Robert Gauthier | Los Angeles Times | Getty Images
The media giant said Monday that the Tokyo Olympics attracted an average of 19.8 million viewers for Sunday’s coverage across the NBCUniversal platforms.
Events, including women’s swimming and gymnastics and triathlons, aid NBCUniversal, CNBC’s parent company, post a 61% jump in ratings from Friday to Sunday and have been rated as “the biggest increase ever in the first three nights of the Summer Olympics,” she said. .
On Saturday, NBC said the Tokyo Games averaged 15.3 million viewers for primetime coverage, including softball and skateboarding, a unused sport that debuted at the Olympics. That contest also helped with fan engagement on social media as it produced two 13-year-old winners in the women’s street skateboarding event.
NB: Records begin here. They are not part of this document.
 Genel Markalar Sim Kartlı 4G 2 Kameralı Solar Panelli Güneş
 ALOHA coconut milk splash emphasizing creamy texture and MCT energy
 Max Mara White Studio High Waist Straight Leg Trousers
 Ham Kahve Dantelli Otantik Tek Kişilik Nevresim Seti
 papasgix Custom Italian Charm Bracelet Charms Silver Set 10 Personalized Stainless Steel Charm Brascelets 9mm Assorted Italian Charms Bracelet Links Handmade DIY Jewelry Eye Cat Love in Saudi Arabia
Japan’s Momiji Nishiya finished in the gold, while the original Brazilian Risa Leal finished second in the silver.
NBC said the Tokyo Olympics had a whole of 735 million minutes broadcast as of Sunday, including the men’s basketball game in the USA. The team’s loss to France was broadcast on the Peacock broadcasting service. The company also added that broadcast metrics were up 24% compared to the 2016 Rio Olympics, but did not provide specific viewing statistics. The events are broadcast on NBC’s broadcast network and its cable channels, including NBCSN, USA Network, and CNBC.
The opening ceremony, which saw tennis star Naomi Osaka back in sight to light the Olympic cauldron, drew nearly 17 million viewers, down from 23.5 million for the 2016 ceremony. The 2012 London Games opening ceremony drew 41 million viewers.
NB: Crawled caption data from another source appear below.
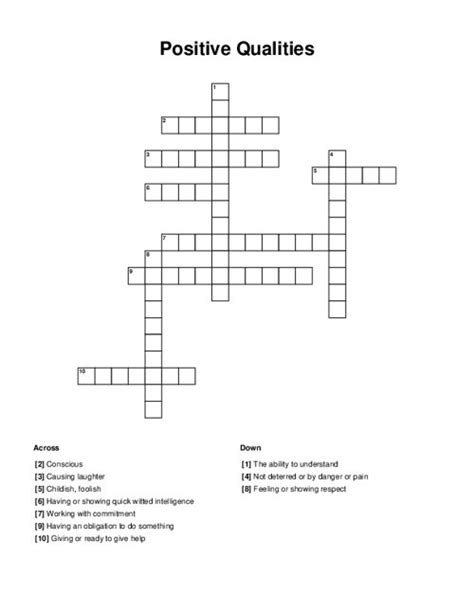 positive quality crossword|positive quality nyt.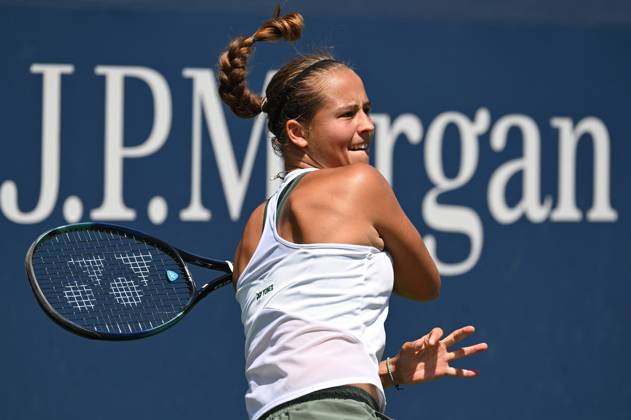 Belgian Hanne Vandewinkel pictured in action during a tennis game against Canadian Stakusic in the first round of the qualifications for the women s singles tournament of the 2025 US Open Grand Slam tennis tournament in New York City, USA, Tuesday 19 August 2025. TONYxBEHAR  x131571581x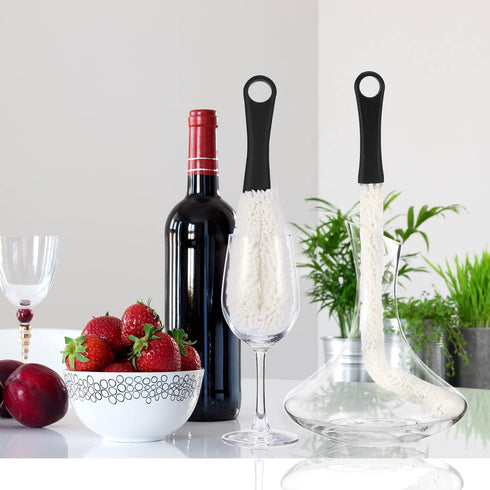 3 Pieces Decanter Cleaning Brush and 400 Reusable Cleaning Beads for Wine Decanters, Goblets, Glasses, Cups (Black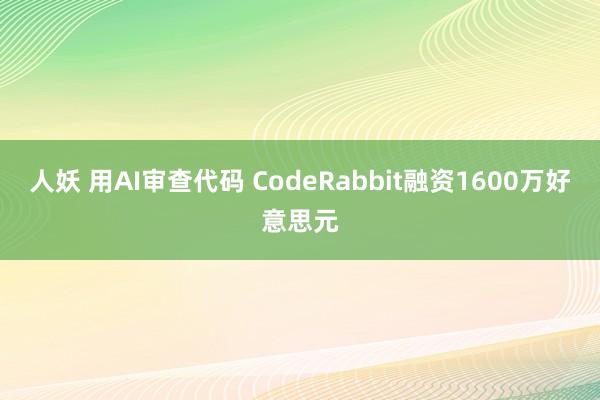 人妖 用AI审查代码 CodeRabbit融资1600万好意思元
The drop in viewership was expected around the Tokyo Games, as Covid concerns persisted across Japan, the 13-hour time difference not helping, and a shift in the TV landscape with more viewers cutting the cord.
NBC took $1.2 billion in advertising revenue from marketers for the 2016 games and estimated it’s over that amount, according to the New York Times. Media analysts tell CNBC that the 30-second prime-time ad amount for the Tokyo Olympics is approximately $1.3 million.
China leads the Tokyo Olympics with a whole of 18 medals (six gold), followed by the United States of America with 14 medals (seven gold). Japan came third with 13 medals, followed by the Russian Olympic Committee with 12 medals.